This is a habeas corpus case, brought by Petitioner Darrell Breeding with the assistance of counsel. It is now ripe for analysis and a recommendation on the Petition (ECF No. 1), a Memorandum in Support (ECF No. 3), the State Court Record (ECF No. 7), Respondent’s Return of Writ (ECF No. 8), and Petitioner’s Amended Reply (ECF No. 13). On the question of whether Petitioner has exhausted all available state court remedies on his claims, the undersigned recently decided that a motion for new trial in the Ohio courts would be futile. Both parties concurred in that finding (See ECF No. 15 & 16). Thus the case will not be stayed to allow such a filing (ECF No. 17) and is ripe for consideration on the pleadings.
Litigation History
In its May, 1995, term, the grand jury of Clark County, Ohio, returned an indictment charging Petitioner with one count of causing physical harm to another by use of a firearm in violation of Ohio Revised Code § 2903.11, one count of knowingly discharg[ing] a firearm at or into an occupied structure that is a permanent or temporary habitation of an individual, to-wit: 1157 Vester, Springfield, Ohio, in violation of Ohio Revised Code § 2923.161, and one count of tampering with evidence in violation of Ohio Revised Code § 2921.12 (Indictment, State Court
Record, ECF No. 7, Ex. 1). After withdrawing his NGRI plea, Breeding pleaded guilty to felonious assault in return for dismissal of the other two counts. He appealed to the Ohio Second District Court of Appeals which reversed and remanded the case. State v. Breeding, 1999 WL 899471(Ohio App. 2d Dist. 1999). On remand the case was tried to a jury which was unable to reach a verdict on the felonious assault charge, but convicted Breeding on counts two and three. He was then sentenced to seven to ten years imprisonment. Breeding again appealed to the Second District, raising seven assignments of error, all of which the Second District overruled. State v. Breeding, 2001 WL 623812 (Ohio App. 2d Dist. 2001). The Ohio Supreme Court declined to exercise jurisdiction over
a subsequent appeal. State v. Breeding, 91 Ohio St. 3d 1526 (2001). Breeding failed to appear for execution of sentence and a capias was issued for his arrest on January 31, 2001 (State Court Record, ECF No. 7, Ex. 48). The capias was executed in Michigan over twenty-four years later and Breeding was returned to Clark County on August 27, 2025 (Entry, State Court Record, ECF No. 7, Ex. 50). Breeding filed his Petition in this Court on February 27, 2026, pleading one ground for relief:
1 Although the Court prefers to use the Ohio official citation form, 2026-Ohio-xxxx, this decision is sufficiently old that it does not have such a citation reported in Westlaw. 2 See footnote 1. Ground One: The conviction is not supported by sufficient evidence.
Supporting facts: The evidence at trial indisputably showed that Mr. Breeding discharged a firearm inside the habitation's attached garage, which is part of the habitation.
(Petition, ECF No. 1, PageID 5, emphasis supplied). Analysis
In his sole ground for relief, Breeding claims his conviction is not supported by sufficient evidence.
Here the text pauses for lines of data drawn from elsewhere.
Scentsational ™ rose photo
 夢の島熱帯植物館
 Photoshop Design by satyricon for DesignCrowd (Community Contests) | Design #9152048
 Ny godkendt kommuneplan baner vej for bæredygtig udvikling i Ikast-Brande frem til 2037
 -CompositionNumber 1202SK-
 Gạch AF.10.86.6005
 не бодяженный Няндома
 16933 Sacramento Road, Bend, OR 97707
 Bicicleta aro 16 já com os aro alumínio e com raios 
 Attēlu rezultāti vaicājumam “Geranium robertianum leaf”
Breeding was charged and convicted under Ohio Revised Code § 2923.161 which provides “(A) No person, without privilege to do so, shall knowingly do any of the following: (1) Discharge a firearm at or into an occupied structure that is a permanent or temporary habitation of any individual.”(emphasis supplied) This language has not been modified since it was adopted well before the events in suit. The case turns on correct interpretation of that language. Breeding raised an insufficiency of the evidence claim on direct appeal, to wit, that there was insufficient evidence on the mens rea element of knowingly. The Second District made the following findings:
The evidence presented by the State demonstrated that during the early morning hours of August 6, 1995, Darryl Breeding went to the home of his girlfriend, Diana Donaldson, at 1157 Vester Avenue, in Springfield. Breeding used his key to enter the residence. When Breeding called out to Donaldson and received no reply, he became concerned and took out the gun Donaldson kept at the residence for protection.
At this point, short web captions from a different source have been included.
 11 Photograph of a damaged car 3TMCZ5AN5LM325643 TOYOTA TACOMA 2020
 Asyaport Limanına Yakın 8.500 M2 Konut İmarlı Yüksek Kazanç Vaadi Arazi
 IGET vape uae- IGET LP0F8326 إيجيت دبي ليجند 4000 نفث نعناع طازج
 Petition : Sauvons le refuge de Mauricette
Breeding entered the attached garage and discovered Donaldson, undressed, inside her car with another man, Brian Cummins. Breeding later told police he became angry and fired a shot at Donaldson to frighten her as she ran through the door from the garage into her residence. Breeding also pointed the gun at Cummins. He threatened to kill him and ordered Cummins to leave. Cummins left and immediately called police.
State v. Breeding, supra, *1.
Judge Grady’s opinion for the Second District continues:
Applying the correct legal standard to this issue of sufficiency of the evidence, which is a question of law, we conclude that the State's evidence, if believed, is evidence from which reasonable minds could conclude that all of the elements of the offense were proved beyond a reasonable doubt.
Brian Cummins testified that he remembered Diana Donaldson going through the door from the garage into her house when the shot was fired by Breeding, and that the bullet struck the door. Sgt. Ayres testified that Breeding told her that he was upset at finding Donaldson with another man and he fired a shot at Donaldson to frighten her as she ran through the door from the garage into her house. Police discovered a bullet hole in that door and the spent bullet on the other side of that door, just inside the house.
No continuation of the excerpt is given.